--- Assignment ---
Look through the entries below for the line with "Capabilities in a" and the line with "begränsningar ur lärarperspektiv.", then give again exactly those two lines and all lines between them, minus the pictures.

───── Records supplied ─────

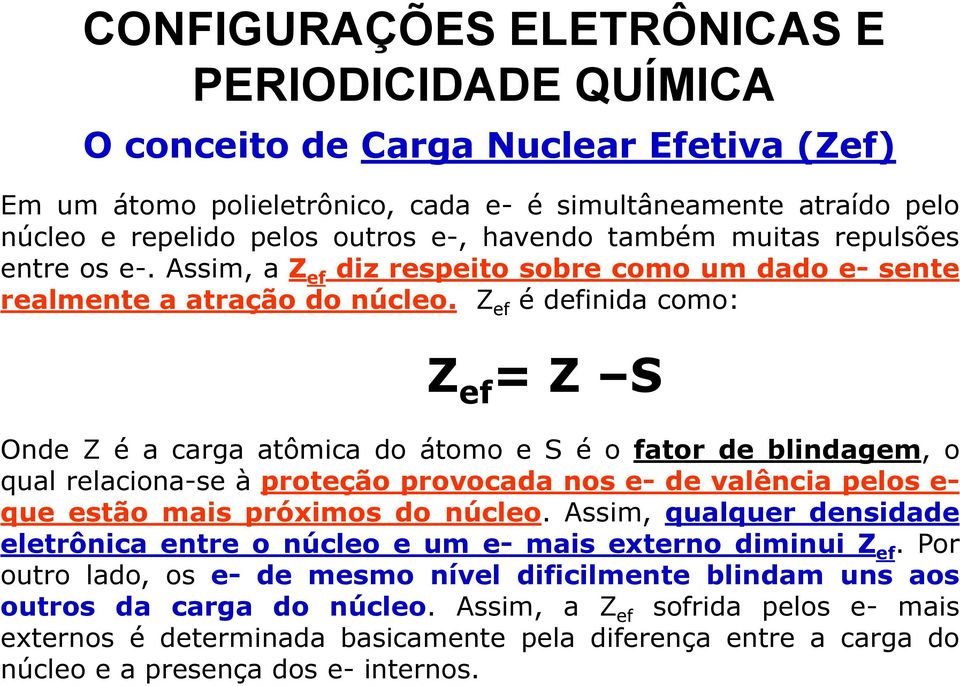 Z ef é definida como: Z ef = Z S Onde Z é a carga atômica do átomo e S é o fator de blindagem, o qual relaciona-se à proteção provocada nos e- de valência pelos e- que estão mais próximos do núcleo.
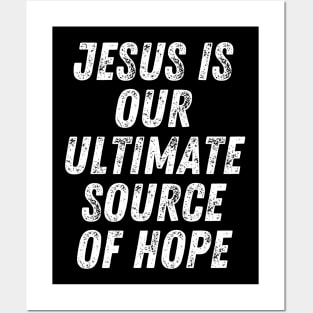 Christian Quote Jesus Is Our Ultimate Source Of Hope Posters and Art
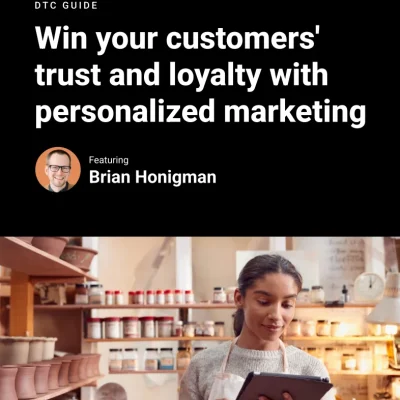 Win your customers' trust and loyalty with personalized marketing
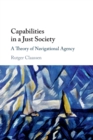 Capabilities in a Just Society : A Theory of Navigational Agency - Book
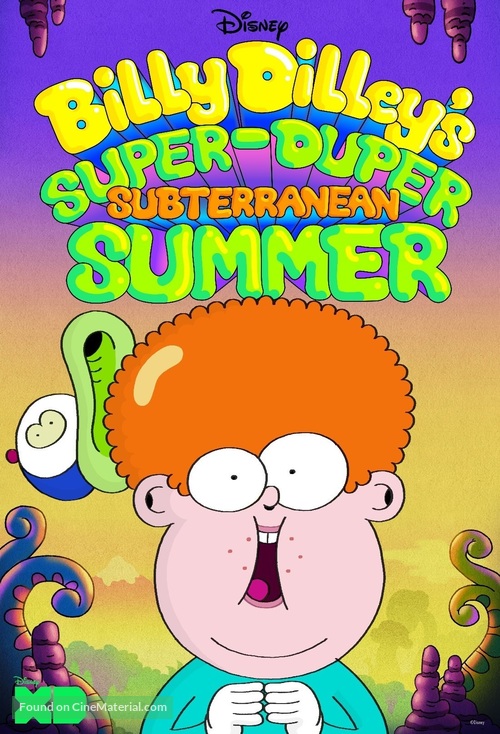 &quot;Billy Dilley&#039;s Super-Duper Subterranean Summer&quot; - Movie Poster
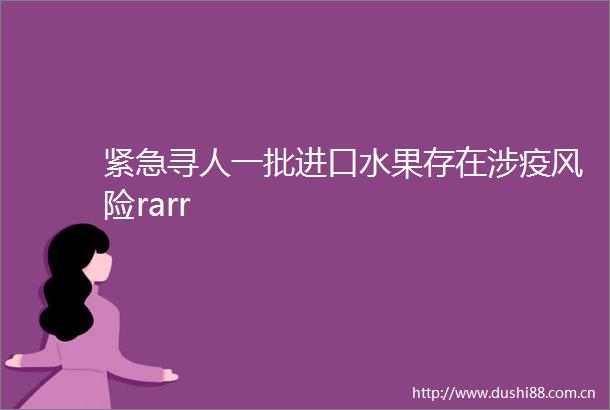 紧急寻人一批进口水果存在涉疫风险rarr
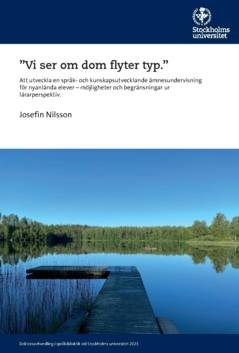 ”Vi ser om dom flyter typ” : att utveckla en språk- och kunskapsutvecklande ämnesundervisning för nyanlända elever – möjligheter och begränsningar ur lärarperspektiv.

─────
───── Records supplied ─────

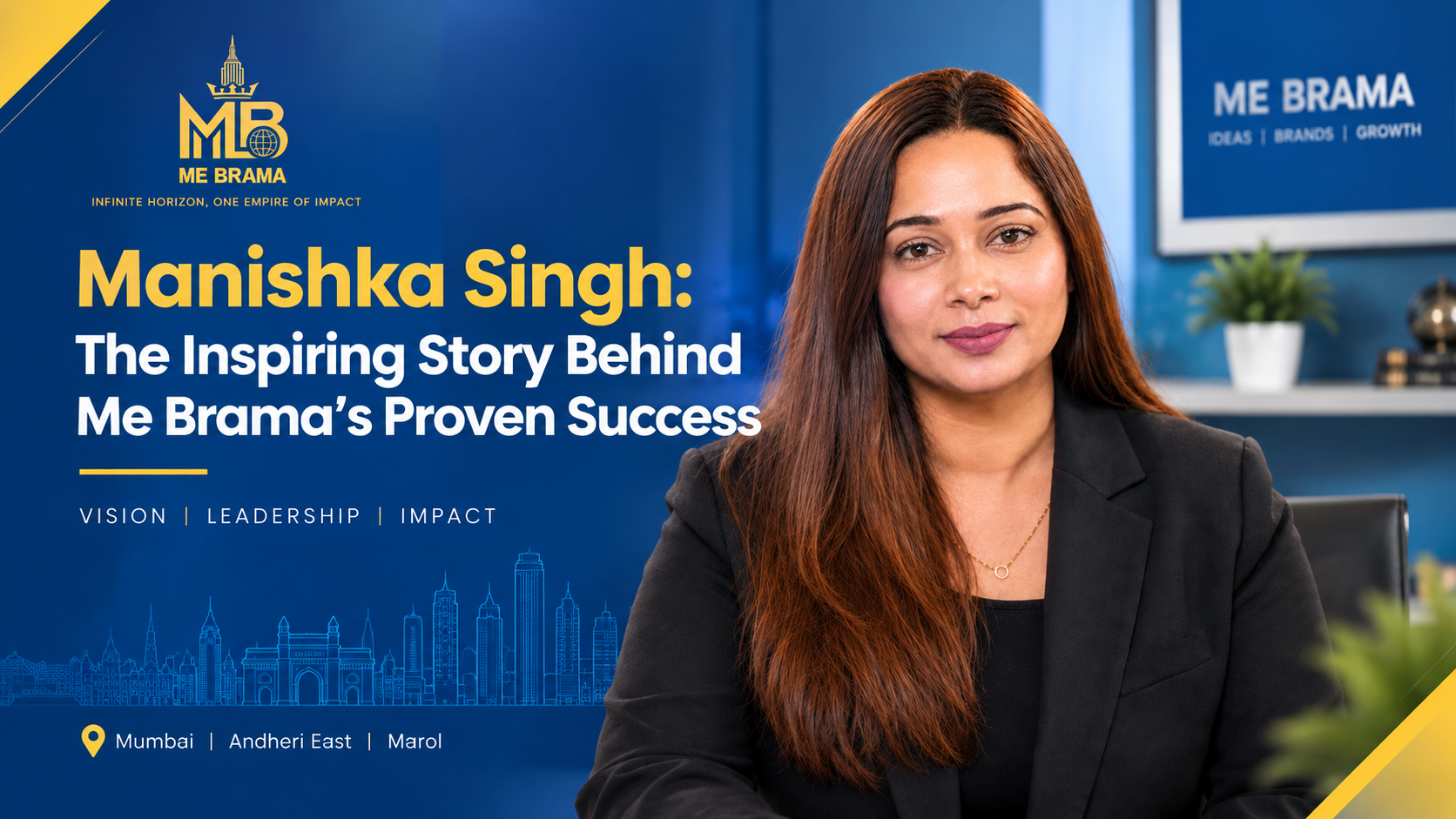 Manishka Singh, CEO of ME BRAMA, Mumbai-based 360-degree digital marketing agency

─────

--- Response box ---
 Capabilities in a Just Society : A Theory of Navigational Agency - Book
 &quot;Billy Dilley&#039;s Super-Duper Subterranean Summer&quot; - Movie Poster
 紧急寻人一批进口水果存在涉疫风险rarr
 ”Vi ser om dom flyter typ” : att utveckla en språk- och kunskapsutvecklande ämnesundervisning för nyanlända elever – möjligheter och begränsningar ur lärarperspektiv.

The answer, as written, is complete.